Indonesia kembali berduka. Seorang putra bangsa, tokoh agama dan pesantren, sekaligus juga tokoh politik nasional, dan juga tokoh panutan bagi warga Nahdlatul Ulama (NU) kembali berpulang ke rahmatullah. Menyerah pada takdir dan ketentuan alam, memutus semua tali ‘perhubungannya’ dengan semua yang dicintai. Ya keluarga, santri dan komunitas pesantren, warga NU, dan tak terkecuali warga bangsa ini.
Sang tokoh itu adalah K.H. Hasyim Muzadi. Mantan Ketua Umum Pengurus Besar (PB) NU, dan sampai ajal menjelang masih menjabat sebagai anggota Dewan Pertimbangan Presiden (Wantimpres) tutup usia pada Kamis (16/3/2017) pagi, pukul 06.15 Wib (kompas.com).
Kepergian K.H. Hasyim Muzadi merupakan sebuah kehilangan bagi bangsa ini. Bangsa ini kehilangan seorang tokoh agama yang memiliki pandangan yang inklusif demokratis dan sangat menghargai pluralisme. Tutur kata dan pandangan keagamaan dan politiknya yang inklusif memberi kenangan yang tak akan mudah terlupakan.

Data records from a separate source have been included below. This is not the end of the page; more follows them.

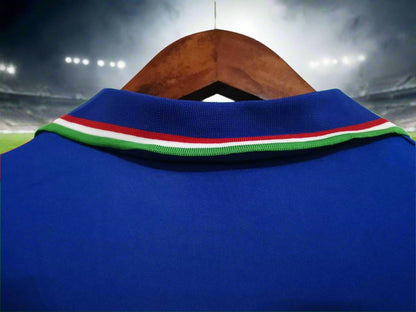 Italy 90-92 Home Retro Shirt collar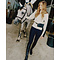 DADA DADA Jiminy Knitted Sweater Noir & Craie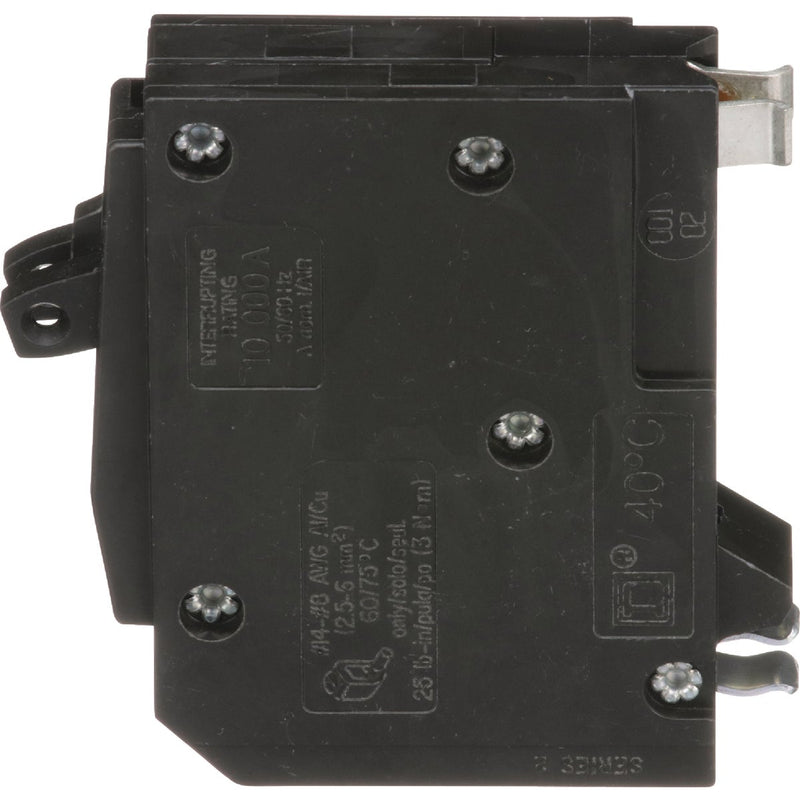 Square D QO 20A/20A Single-Pole Standard Trip Tandem Circuit Breaker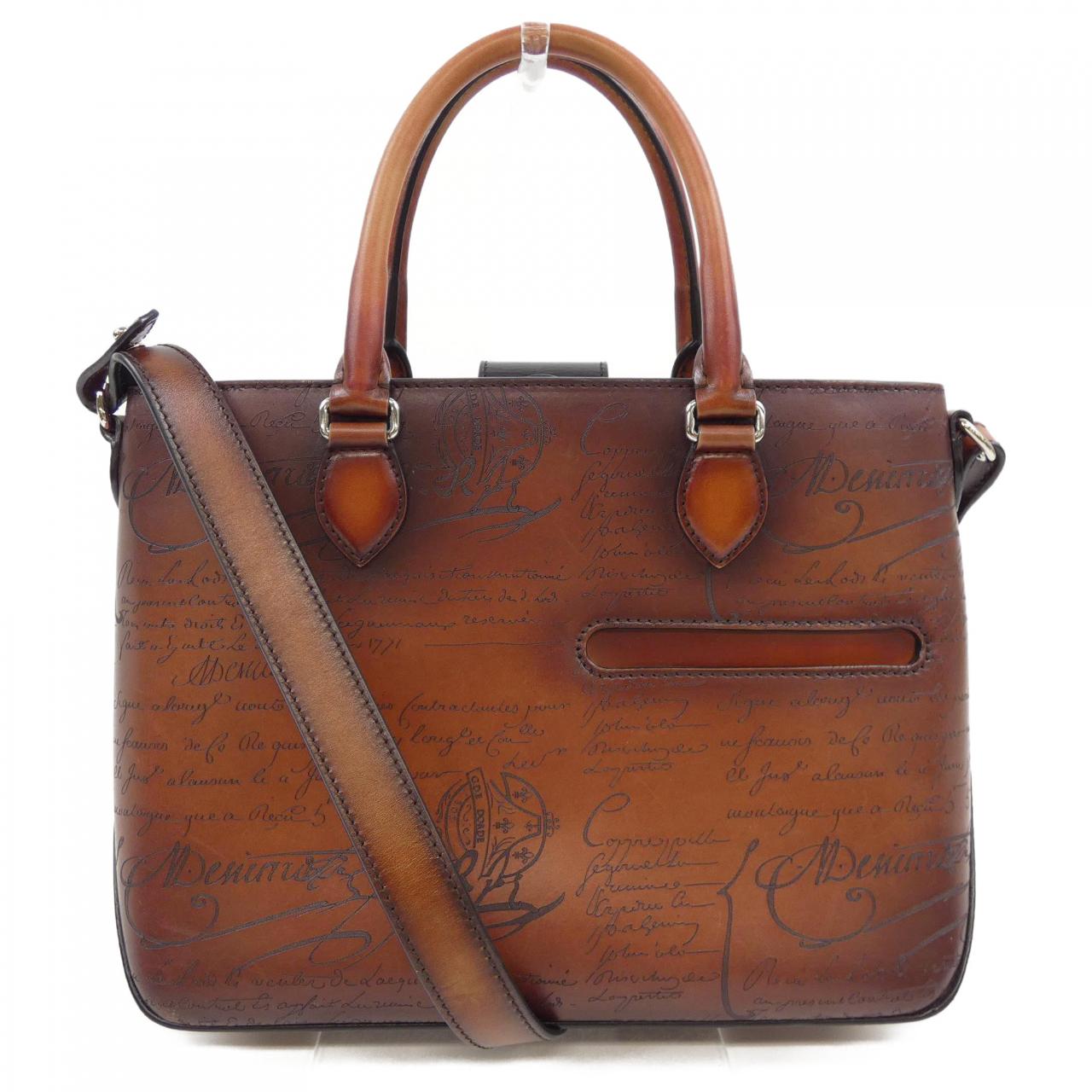 ベルルッティ Berluti トゥジュールXSスクリットレザートートバック BAG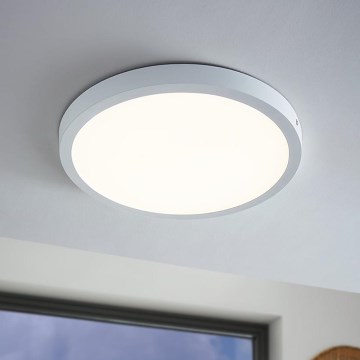 Eglo 97262 - LED-kattovalaisin FUEVA 1 1xLED/25W/230V valkoinen pyöreä 2500 lm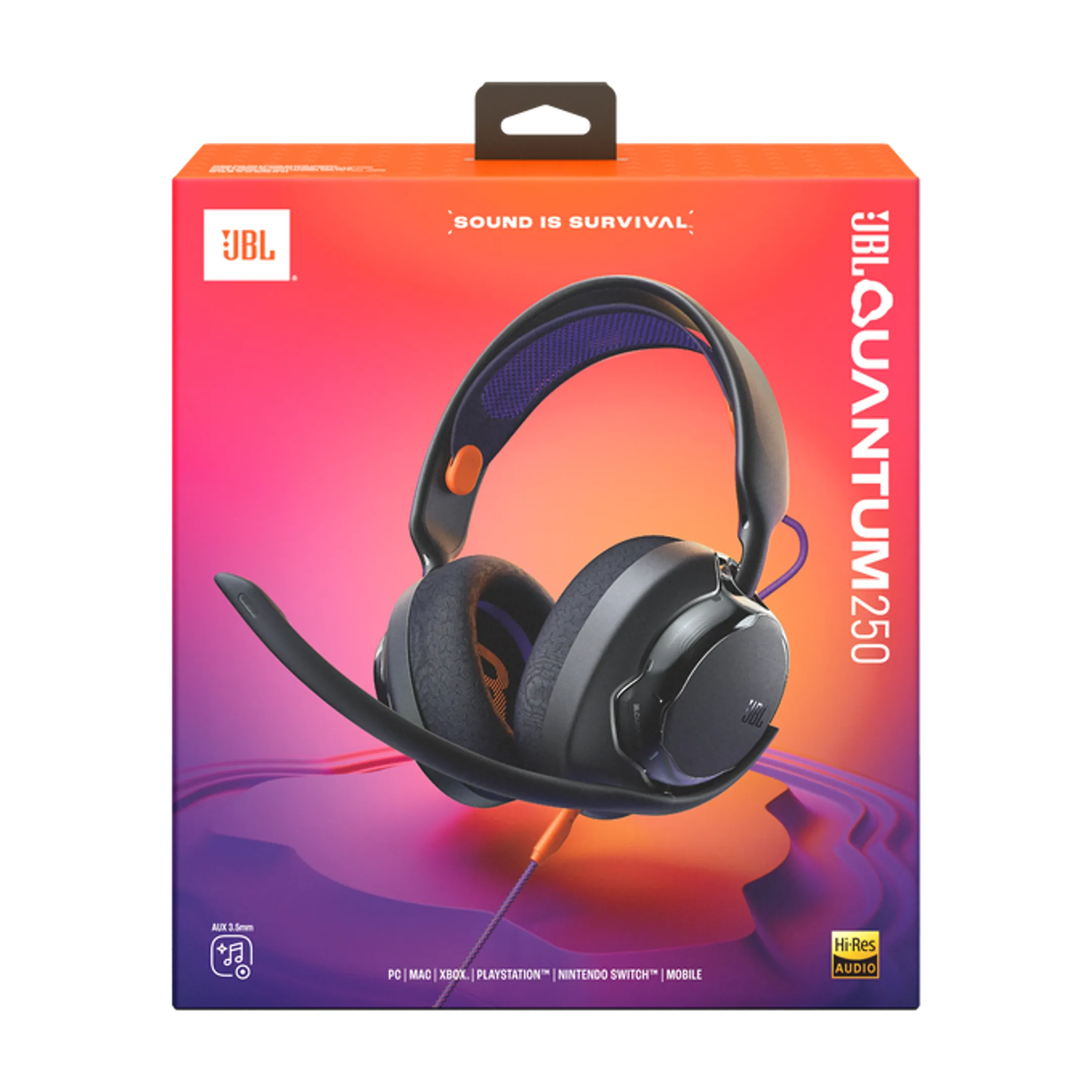 Gaming headset Quantum 250 - Zwart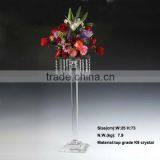 elegant crystal flower stand for event decoration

Apalagi di tengah pergolakan dan atmosfir politik yang cenderung sangat rentan menimbulkan friksi dan konflik komunal saat ini. Kehadiran seorang K.H. Hasyim Muzadi ibarat oase di tengah gurun pasir. Maka kepergian K.H. Hasyim Muzadi karena sakit yang dideritanya, merupakan sebuah kehilangan bagi negeri dengan keragaman budaya ini.
Keragaman yang tidak hanya dipandang sebagai berkah, tapi malah dicoba-adukkan agar dapat tercerai berai oleh sekelompok orang yang sangat ambisius karena nafsu dan birahi kepentingan kelompok yang nyaris tak tertahankan. Dan seperti apa sosok almarhum sebenarnya di mata para tokoh negeri ini marilah kita rangkum pendapat mereka dari berbagai sumber.

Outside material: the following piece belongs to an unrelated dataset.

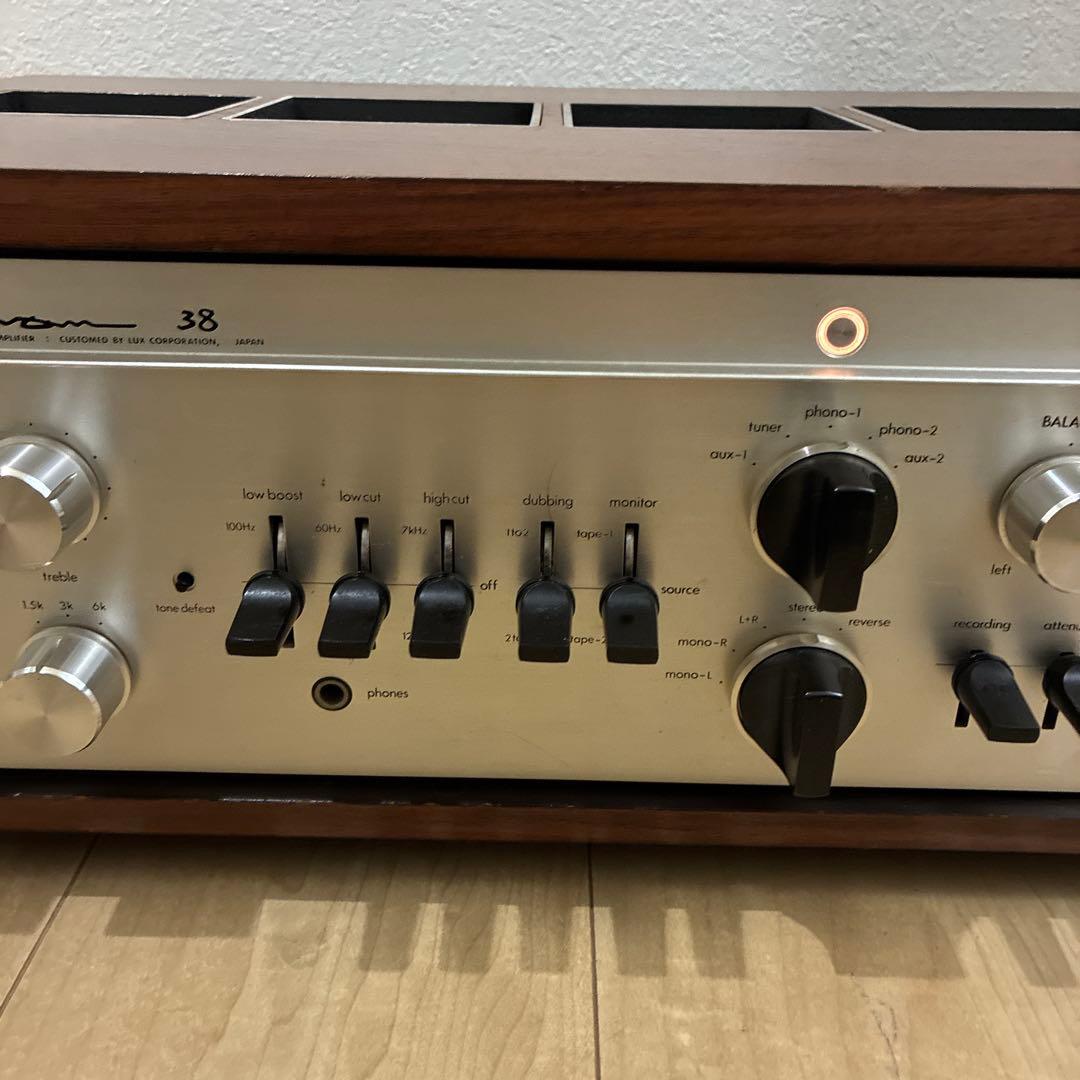 LUXMAN/ラックスマン LX38 真空管プリメインアンプ　動作良好です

K.H. Hasyim Muzadi di mata Presiden Jokowi jelas bukan orang sembarangan. Karena itu, ketika memastikan langkah akan menduduki singgasana istana, Jokowi melantik almarhum sebagai salah satu anggita Wantimpres. Sebuah lembaga dan jabatan prestisius yang menunjukkan kaulitas dan kompetensi K.H. Hasyim Muzadi.
Bagi Presiden Jokowi, almarhum K. H. Hasyim Muzadi adalah tokoh penjaga kebhinekaan. Karena dalam pandangan Jokowi, kepergian K.H. Hasyim Muzadi adalah sebuah kehilangan bagi bangsa ini. Dalam laman facebooknya, Jokowi menulis, “bangsa ini kehilangan seorang ulama, guru, penjaga terdepan kebhinekaan” (sumber). Di mata Jokowi, Hasyim Muzadi yang telah dengan sungguh-sungguh mendedikasikan sebagian hidupnya untuk agama dan bangsanya.

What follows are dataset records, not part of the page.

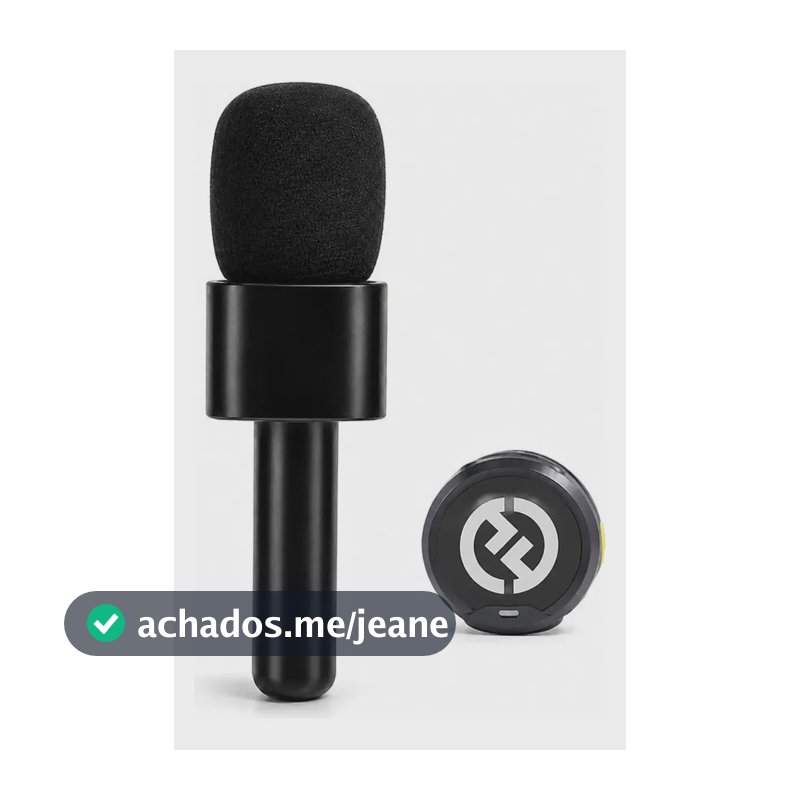 Suporte Adaptador Lark M2 Com Canopla Microfone Entrevistas Preto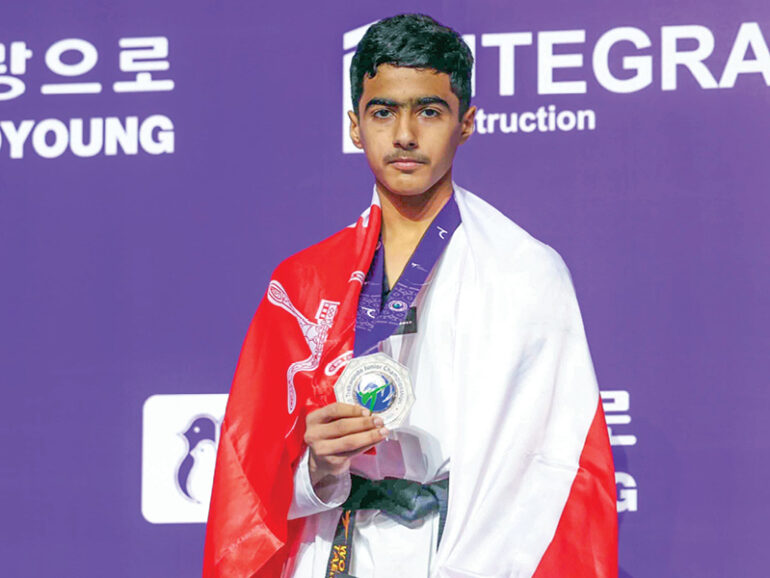 Dawood Al Yousfi clinches taekwondo world silver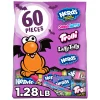 Nerds Core Winners Halloween Trick-or-Treat Variety Bag, NERDS Gummy Clusters, SweeTARTS, Trolli, Laffy Taffy, and NERDS
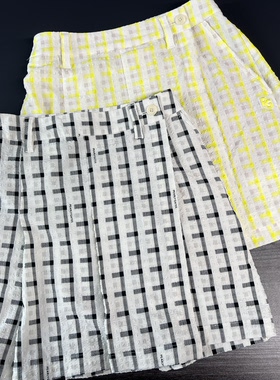22166 原单高尔夫女士服装夏季新品速干泡泡纱百搭短裙无打底裤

Penilaian juga datang dari mantan Presiden RI ke-5, Megawati Soekarno Putri. Hampir senada dengan Presiden Jokowi, di mata Mega, sosok K.H. Hasyim Muzadi adalah pembawa damai dan figur yang menjembatani persaudaraan umat beragama. Menurut Mega, "Beliau sosok yang mampu menciptakan suasana damai di tengah berbagai perbedaan" (sumber). Karena bagi Mega, almarhum memiliki pandangan yang moderat, toleran, dan penuh welas asih.
Dari kalangan internal NU juga menyembul ‘pujian’ untuk K.H. Hasyim Muzadi. Diwakili K.H. Masdar Mas’udi, PBNU menyebut "Almarhum adalah kiai yang sangat luwes dalam bergaul. Ia juga luwes dalam menyikapi berbagai hal. Di samping itu, menurut Masdar, almarhum juga merupakan seorang enterprenur” (sumber).
Mantan Ketua Mahkamah Konstitusi (MK), Mahfud MD, juga mempunyai penilaian tersendiri terhadap K.H. Hasyim Muzadi. Menurut Mahfud MD, bahwa K.H. Hasyim Muzadi bukan hanya sekedar tokoh NU, melainkan juga tokoh bangsa (sumber). Maka wajar sebagai bangsa kita kehilangan sososk luwes dan inklusif seperti almarhum, apalagi di tengah hiruk pikuk Pilkada DKI saat ini.
Di mata Mahfud MD, almarhum K.H. Hasyim Muzadi adalah berpadu berbagai ‘keunggulan’. Bagi Mahfud MD, K.H. Hasyim Muzadi memiliki profil yang multi ragam ‘wajah’. Pada diri K.H. Hasyim Muzadi melekat kuat kediriannya yang toleran, harmonis tidak konfrontatif, dan sekaligus juga humoris.